Certainly, let’s dissect this further.

The crux of policy gradient methods is to adjust the policy based on the trajectory of the agent in an episode, specifically through the sequence of states, actions, and rewards experienced. The key insight here is that while the rewards and loss might be aggregated over an episode, the gradient of the loss with respect to the network’s parameters inherently carries information about the individual state-action pairs.

Here’s how:

• Gradient Computation: When we call loss.backward(), PyTorch computes the gradients for every parameter in the network based on the loss value. These gradients tell us how each parameter should be adjusted to minimize the loss.
• Trajectory Information: The loss is a sum over the log probabilities of actions taken in every timestep, each weighted by its corresponding return. When we compute the gradient of this summed loss, the gradient inherently considers every term in the sum, effectively considering every state-action pair in the trajectory.
• Adjusting Probabilities: Suppose, in a particular state, an action was taken that led to a high return. The log probability of this action will be weighted by this high return in the loss.
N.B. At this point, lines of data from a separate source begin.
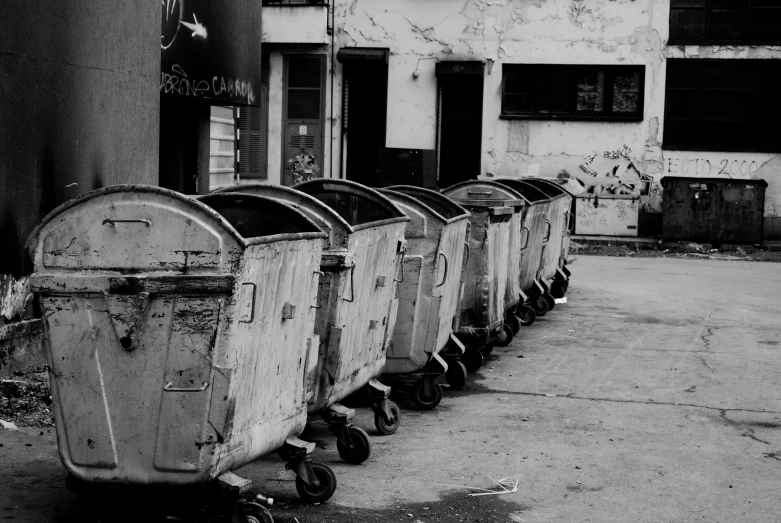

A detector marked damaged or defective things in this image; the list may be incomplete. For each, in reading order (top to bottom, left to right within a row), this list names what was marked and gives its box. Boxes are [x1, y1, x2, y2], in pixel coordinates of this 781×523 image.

broken window [502, 64, 644, 122]
broken window [668, 0, 776, 45]
broken window [664, 60, 780, 154]
rusty metal surface [24, 187, 322, 488]
rusty metal surface [290, 180, 408, 414]
rusty metal surface [380, 190, 470, 374]
rusty metal surface [442, 182, 520, 342]
rusty metal surface [660, 175, 764, 243]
When computing the gradient, the parameters of the network that contributed to this action’s probability in this state will have gradients that encourage increasing this action’s probability in future episodes. Conversely, if an action in a state resulted in a low return, the gradient will encourage decreasing this action’s probability.
• Parameter Update: Once we have these gradients, optimizer.step() adjusts each parameter based on its gradient. This means parameters that influenced action probabilities in states leading to high returns will be adjusted to increase those probabilities, and vice versa.
• Aggregation: The reason for aggregating (summing) the rewards and losses is computational efficiency and alignment with the REINFORCE algorithm. By computing a single scalar loss value for the entire episode and then computing gradients based on this, we effectively backpropagate the outcome of the entire episode through the trajectory of state-action pairs.
• Why Not Update After Every Step?: In theory, we could compute a separate loss for each state-action pair and update the network after every step. However, this would be computationally inefficient. Also, policy gradient methods like REINFORCE rely on the idea of adjusting the policy based on the cumulative future reward (return) from each state, which inherently requires considering the full trajectory (or at least the trajectory from a state to the end of an episode).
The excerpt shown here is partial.